Para além de pequenas áreas deixadas sem tinta, três personagens também podem ser identificadas pela cor do pergaminho. A análise destas contribuiu para afirmar que o amarelo-pálido exerceu funções cromáticas, assim como as tintas. A primeira imagem em que podemos visualizar uma personagem totalmente sem tinta é a cena pintada na inicial Z do fólio 128v (Fig. 6). A imagem mostra a narrativa do Massacre dos Inocentes. A letra divide a cena em dois espaços: de um lado, sete corpos decapitados nus apresentam pequenas manchas vermelhas junto ao contorno marrom, pescoços e cabeças foram manchados de vermelho, indicando o sangue que sai da separação que acaba de ser feita; do outro, três personagens foram desenhadas em marrom. A mulher central e o homem à sua esquerda têm algumas manchas vermelhas pouco perceptíveis (na mulher, aparecem nas mangas da túnica; no homem, em seu braço esquerdo e na barriga), no homem abaixado que segura uma cabeça não há nenhuma tinta cobrindo o desenho (Fig. 7). Seria até possível cogitar um desgaste: a personagem que aparece na parte inferior da imagem poderia também ter tido pequenos traços vermelhos, assim como seus companheiros. No entanto, a ausência de tinta e a discrição indicam uma intencionalidade: a escolha de manter as três personagens predominantemente na cor amarelo-pálida. A estratégia dá destaque às personagens, pois, sem tinta, elas contrastam com o fundo que ocupam, o qual foi dividido em três cores: verde, vermelho e amarelo.

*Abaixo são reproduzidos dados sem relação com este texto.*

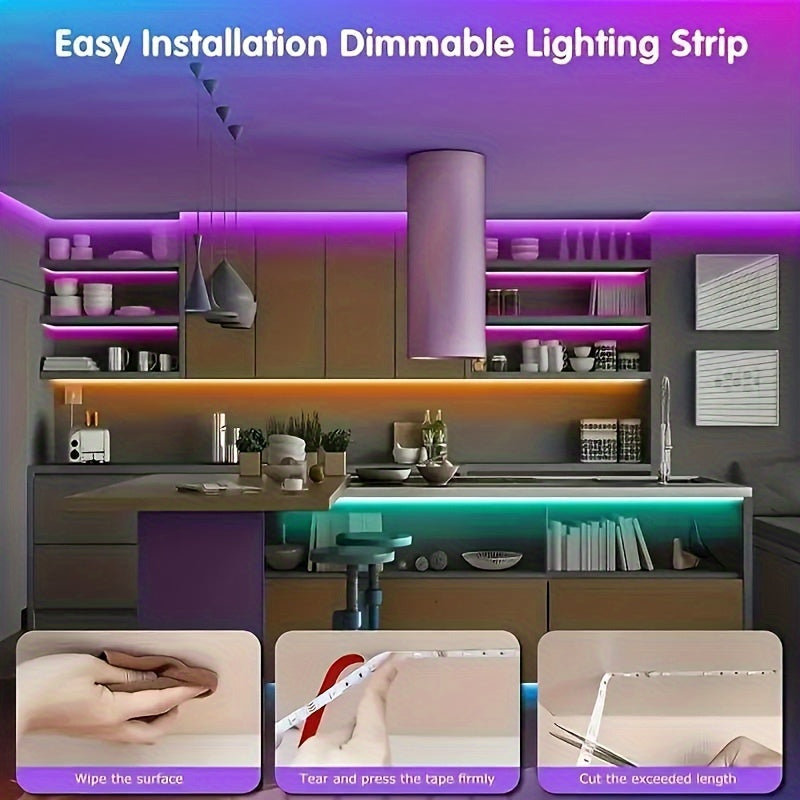 65.6fEET/1 Set Of RGB 2835 LED Light Strip, 5V USB LED Flexible Strip Diode Strip, Used For TV Backlight Room Decoration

Cada personagem ocupa uma área pintada de maneira sólida e com tinta bastante saturada. Com isso, a diferença entre a cobertura sólida e brilhante do fundo e a cor opaca dos personagens é bastante marcada.

Há também um outro personagem sem nenhuma pintura: um homem na miniatura com o tema da Ascensão de Cristo no fólio 38v (Fig. 8). Ele está no topo da imagem, à direita de Cristo, entre um homem aureolado e um grande anjo. Sua imagem é recortada pela linha vermelha que forma o semicírculo carregado pelos anjos. Nessa posição, ele fica quase escondido, sendo um pequeno detalhe em uma grande imagem (Fig. 9). Verifica-se um jogo de cores nessa imagem, uma sequência alternada do uso do vermelho e do verde. Pode-se observar isso no homem aureolado ao lado da personagem sem tinta, pois suas roupas estão pintadas de verde e sua auréola foi toda coberta com tinta vermelha. A ausência de policromia no único homem traz uma variação ao padrão. Ainda que, perto dele, haja áreas sem pintura, as roupas, a auréola do homem ao seu lado e a linha vermelha que o recorta contrastam com o espaço opaco que ele ocupa. Assim, ele não passa despercebido, participando da lógica da imagem ao ser o elemento de variação da cor.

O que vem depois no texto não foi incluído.